Man that sucks. I hope you get a replacement.

If not you can try to glue it back together. I don't own the toy so I don't know the details (size, tolerances, etc.) but I broke the die cast hip bar on my VF-25F Renewal (don't ask) and I was able to fix it.

All I did was to pin the broken parts together. I drilled two holes in both pieces and glued a small metal pin between them. I think I used a two component epoxy based glue (not a liquid super glue). It stays together rather well because the area were it broke is really ruff (because of the die cast) so the glue can attach nicely.
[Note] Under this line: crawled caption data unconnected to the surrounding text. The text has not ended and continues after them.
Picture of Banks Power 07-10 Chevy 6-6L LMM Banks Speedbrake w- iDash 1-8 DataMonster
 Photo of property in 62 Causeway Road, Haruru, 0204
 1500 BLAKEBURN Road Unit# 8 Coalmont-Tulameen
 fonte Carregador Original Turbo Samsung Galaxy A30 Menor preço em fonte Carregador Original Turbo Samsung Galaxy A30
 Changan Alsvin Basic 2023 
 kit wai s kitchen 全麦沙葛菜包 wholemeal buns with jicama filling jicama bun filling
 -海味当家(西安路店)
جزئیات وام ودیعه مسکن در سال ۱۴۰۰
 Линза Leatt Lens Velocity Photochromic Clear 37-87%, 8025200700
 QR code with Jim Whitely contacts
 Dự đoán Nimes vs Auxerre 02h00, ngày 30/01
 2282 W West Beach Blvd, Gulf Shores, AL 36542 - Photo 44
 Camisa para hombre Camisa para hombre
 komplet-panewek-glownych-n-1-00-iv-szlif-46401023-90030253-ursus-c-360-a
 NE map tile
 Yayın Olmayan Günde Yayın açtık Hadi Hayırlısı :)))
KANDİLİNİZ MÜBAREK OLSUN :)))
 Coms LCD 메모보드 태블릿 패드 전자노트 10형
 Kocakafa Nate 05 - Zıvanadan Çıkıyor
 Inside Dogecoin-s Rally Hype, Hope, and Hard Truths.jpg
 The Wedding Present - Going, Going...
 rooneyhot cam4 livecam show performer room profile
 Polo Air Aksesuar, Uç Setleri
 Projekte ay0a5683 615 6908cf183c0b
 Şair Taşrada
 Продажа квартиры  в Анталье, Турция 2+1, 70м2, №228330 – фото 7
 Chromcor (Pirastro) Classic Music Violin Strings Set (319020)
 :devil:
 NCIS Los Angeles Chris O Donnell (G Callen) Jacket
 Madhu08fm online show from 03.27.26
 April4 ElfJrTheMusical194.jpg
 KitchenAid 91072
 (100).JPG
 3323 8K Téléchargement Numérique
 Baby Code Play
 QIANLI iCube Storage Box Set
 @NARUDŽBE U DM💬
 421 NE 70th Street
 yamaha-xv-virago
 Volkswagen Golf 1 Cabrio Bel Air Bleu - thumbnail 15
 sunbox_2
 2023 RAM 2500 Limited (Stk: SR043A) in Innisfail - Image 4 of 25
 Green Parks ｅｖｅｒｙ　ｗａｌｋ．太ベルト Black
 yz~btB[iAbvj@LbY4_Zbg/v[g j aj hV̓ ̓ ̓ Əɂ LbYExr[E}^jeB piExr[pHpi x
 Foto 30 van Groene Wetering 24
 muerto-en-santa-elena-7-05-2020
I'm still able to move the leg even if the hip joint is so stiff that it can hold wide stance poses with the super parts attached.

When I pose it I'm very careful and I remove the hip bar for transformation (not a perfect transformation toy anymore :( ). I would liked to put two metal pins inside the broken part so it is more resistant against shearing force but it was to small for that (you have the Bandai mold so you should know the size of the piece). Maybe the Yamato part is large enough.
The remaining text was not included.